» **Data block**
- - - - - - -
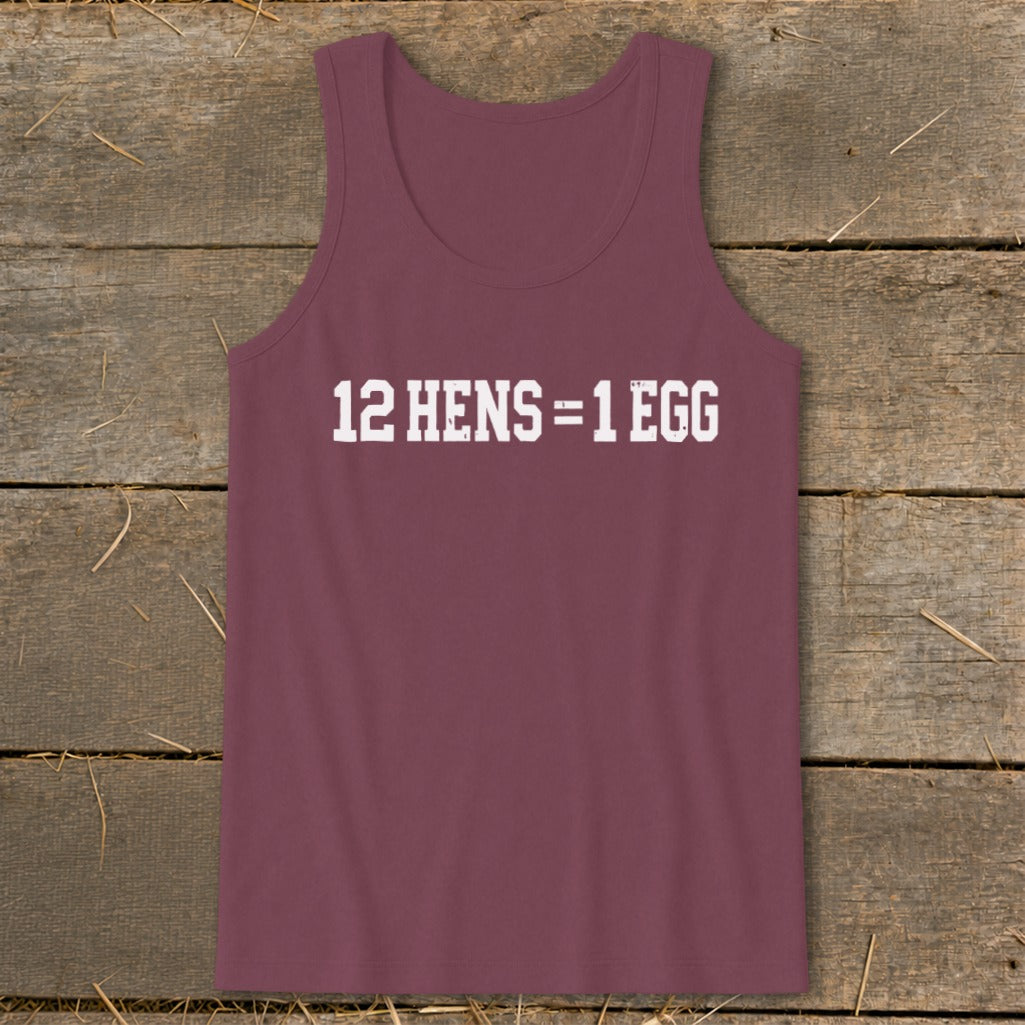 A maroon tank top with white text that reads 12 HENS = 1 EGG, laid flat on a rustic wooden background.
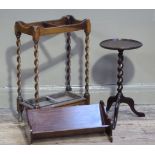 A reproduction mahogany book trough, 52cm wide; together with an umbrella stand with barley turned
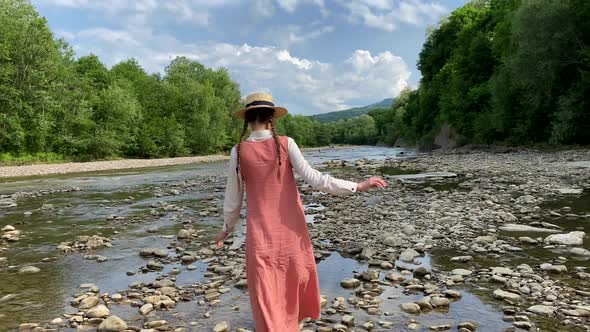 Vintage romantic woman in straw hat, long dress walks on river rocks near forest. Natural scenic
- - - - - - -
» **Assigned task**
The listing above must be repeated exactly. Its pictures are not part of the copy.

» **Output for this task**
 A maroon tank top with white text that reads 12 HENS = 1 EGG, laid flat on a rustic wooden background.
 A reproduction mahogany book trough, 52cm wide; together with an umbrella stand with barley turned
 Vintage romantic woman in straw hat, long dress walks on river rocks near forest. Natural scenic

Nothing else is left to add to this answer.